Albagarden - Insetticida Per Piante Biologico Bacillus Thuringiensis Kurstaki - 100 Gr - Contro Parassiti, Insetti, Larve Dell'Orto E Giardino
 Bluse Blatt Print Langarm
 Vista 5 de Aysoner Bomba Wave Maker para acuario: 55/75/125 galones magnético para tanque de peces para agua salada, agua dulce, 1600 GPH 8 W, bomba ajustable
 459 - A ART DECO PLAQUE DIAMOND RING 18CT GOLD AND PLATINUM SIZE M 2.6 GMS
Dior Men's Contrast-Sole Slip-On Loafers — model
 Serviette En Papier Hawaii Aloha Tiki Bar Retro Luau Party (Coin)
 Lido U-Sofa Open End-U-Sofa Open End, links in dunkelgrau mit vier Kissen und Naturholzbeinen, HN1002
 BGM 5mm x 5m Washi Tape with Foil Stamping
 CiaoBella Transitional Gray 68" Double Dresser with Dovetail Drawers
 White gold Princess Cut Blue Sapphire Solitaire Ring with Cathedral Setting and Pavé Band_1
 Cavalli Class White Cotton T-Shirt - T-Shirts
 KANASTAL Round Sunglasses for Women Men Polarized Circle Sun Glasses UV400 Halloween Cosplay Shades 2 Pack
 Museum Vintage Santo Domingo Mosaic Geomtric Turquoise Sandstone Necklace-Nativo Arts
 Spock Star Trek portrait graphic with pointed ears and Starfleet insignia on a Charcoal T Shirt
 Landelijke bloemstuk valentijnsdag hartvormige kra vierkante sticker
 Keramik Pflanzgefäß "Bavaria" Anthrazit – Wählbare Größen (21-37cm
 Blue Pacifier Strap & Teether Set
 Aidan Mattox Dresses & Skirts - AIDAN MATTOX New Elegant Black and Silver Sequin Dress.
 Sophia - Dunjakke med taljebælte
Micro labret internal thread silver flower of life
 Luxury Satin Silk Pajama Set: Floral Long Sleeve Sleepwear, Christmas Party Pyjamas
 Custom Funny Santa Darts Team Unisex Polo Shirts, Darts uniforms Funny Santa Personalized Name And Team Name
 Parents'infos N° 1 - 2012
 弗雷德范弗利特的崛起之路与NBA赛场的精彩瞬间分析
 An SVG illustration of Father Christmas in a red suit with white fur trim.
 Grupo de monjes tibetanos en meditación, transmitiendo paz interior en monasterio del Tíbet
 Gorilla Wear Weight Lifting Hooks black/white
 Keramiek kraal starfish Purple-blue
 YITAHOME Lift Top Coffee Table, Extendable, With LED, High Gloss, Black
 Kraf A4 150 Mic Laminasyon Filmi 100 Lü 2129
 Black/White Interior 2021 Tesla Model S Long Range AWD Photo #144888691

> _DIRECTIONS_
Return, exactly as they stand, the lines from the start of the records above through the line with "Serviette En Papier", both ends included, and no other lines.

> _PROBLEM SOLUTION_
Albagarden - Insetticida Per Piante Biologico Bacillus Thuringiensis Kurstaki - 100 Gr - Contro Parassiti, Insetti, Larve Dell'Orto E Giardino
 Bluse Blatt Print Langarm
 Vista 5 de Aysoner Bomba Wave Maker para acuario: 55/75/125 galones magnético para tanque de peces para agua salada, agua dulce, 1600 GPH 8 W, bomba ajustable
 459 - A ART DECO PLAQUE DIAMOND RING 18CT GOLD AND PLATINUM SIZE M 2.6 GMS
Dior Men's Contrast-Sole Slip-On Loafers — model
 Serviette En Papier Hawaii Aloha Tiki Bar Retro Luau Party (Coin)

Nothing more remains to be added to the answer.